- This event has passed.
Thesis Defence: Similarity Maximization and Shrinkage Approach in Kernel Metric Learning for Clustering Mixed-Type Data
May 28, 2024 at 10:00 am - 2:00 pm
Jesse Ghashti, supervised by Dr. John Thompson, will defend their thesis titled “Similarity Maximization and Shrinkage Approach in Kernel Metric Learning for Clustering Mixed-Type Data” in partial fulfillment of the requirements for the degree of Master of Science in Mathematics.
An abstract for Jesse Ghashti’s thesis is included below.

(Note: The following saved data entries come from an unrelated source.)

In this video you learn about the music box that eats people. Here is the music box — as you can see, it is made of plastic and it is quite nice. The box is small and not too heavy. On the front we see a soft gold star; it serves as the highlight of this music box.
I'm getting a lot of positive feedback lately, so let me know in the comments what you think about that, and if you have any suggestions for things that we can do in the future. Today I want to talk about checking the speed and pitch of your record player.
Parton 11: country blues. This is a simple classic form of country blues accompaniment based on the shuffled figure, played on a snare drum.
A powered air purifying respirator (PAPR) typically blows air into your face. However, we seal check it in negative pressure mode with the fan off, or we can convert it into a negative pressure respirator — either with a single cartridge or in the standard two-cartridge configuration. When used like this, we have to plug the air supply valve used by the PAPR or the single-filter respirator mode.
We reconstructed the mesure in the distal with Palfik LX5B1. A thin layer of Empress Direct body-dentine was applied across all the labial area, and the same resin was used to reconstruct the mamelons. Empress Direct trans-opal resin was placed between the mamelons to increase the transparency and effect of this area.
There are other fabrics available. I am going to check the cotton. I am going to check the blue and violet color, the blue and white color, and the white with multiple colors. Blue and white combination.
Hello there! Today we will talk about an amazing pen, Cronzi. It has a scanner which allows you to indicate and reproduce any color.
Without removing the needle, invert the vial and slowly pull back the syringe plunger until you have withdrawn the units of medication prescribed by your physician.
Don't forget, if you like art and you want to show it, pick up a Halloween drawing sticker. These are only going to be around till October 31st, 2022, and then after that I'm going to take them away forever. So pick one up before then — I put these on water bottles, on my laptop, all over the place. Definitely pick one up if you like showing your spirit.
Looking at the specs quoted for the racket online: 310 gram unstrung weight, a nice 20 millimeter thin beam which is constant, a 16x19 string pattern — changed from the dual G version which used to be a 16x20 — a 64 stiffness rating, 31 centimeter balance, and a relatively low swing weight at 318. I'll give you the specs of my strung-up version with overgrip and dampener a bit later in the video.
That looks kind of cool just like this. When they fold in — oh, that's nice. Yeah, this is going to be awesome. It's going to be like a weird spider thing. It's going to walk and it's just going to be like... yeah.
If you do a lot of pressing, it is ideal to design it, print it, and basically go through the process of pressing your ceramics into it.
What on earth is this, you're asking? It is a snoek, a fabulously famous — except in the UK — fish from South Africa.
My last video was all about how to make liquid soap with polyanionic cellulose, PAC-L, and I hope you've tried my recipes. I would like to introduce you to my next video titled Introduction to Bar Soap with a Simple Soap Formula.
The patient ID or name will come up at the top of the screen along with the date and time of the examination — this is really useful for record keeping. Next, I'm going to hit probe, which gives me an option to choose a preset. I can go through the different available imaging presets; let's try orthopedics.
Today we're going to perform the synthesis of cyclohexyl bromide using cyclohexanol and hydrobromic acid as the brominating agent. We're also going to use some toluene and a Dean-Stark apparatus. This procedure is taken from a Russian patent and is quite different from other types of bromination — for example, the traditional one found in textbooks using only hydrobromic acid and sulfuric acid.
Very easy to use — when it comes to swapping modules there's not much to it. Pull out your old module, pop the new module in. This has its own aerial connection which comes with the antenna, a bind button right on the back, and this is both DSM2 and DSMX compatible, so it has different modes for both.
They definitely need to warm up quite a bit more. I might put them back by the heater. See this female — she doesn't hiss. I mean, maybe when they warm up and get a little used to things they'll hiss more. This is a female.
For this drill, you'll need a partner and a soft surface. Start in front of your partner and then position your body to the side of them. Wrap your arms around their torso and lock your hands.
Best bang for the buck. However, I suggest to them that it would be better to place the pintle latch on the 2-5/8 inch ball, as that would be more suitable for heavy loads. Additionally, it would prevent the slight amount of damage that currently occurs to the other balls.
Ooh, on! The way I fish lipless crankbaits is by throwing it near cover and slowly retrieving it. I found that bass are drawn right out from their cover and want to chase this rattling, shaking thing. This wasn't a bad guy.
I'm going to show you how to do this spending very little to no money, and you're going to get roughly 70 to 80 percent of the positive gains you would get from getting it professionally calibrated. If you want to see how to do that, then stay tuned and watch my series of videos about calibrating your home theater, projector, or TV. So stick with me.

Defences are open to all members of the campus community as well as the general public. Registration is not required for in person defences.
ABSTRACT
This thesis introduces a new kernel-based shrinkage approach to distance metric learning for mixed-type datasets–a mix of continuous, nominal, and ordinal variables. Mixed-type data is common across many research fields and domains, and is used extensively in machine learning tasks that require a comparison between data points such as distance metrics in clustering and classification. However, traditional methods for handling mixed-type data often rely on distance metrics that inadequately measure and weigh different variables types, and therefore fail to capture the complex nature of the data. This can lead to a loss in accuracy and precision in clustering and classification tasks and inevitably yield suboptimal outcomes.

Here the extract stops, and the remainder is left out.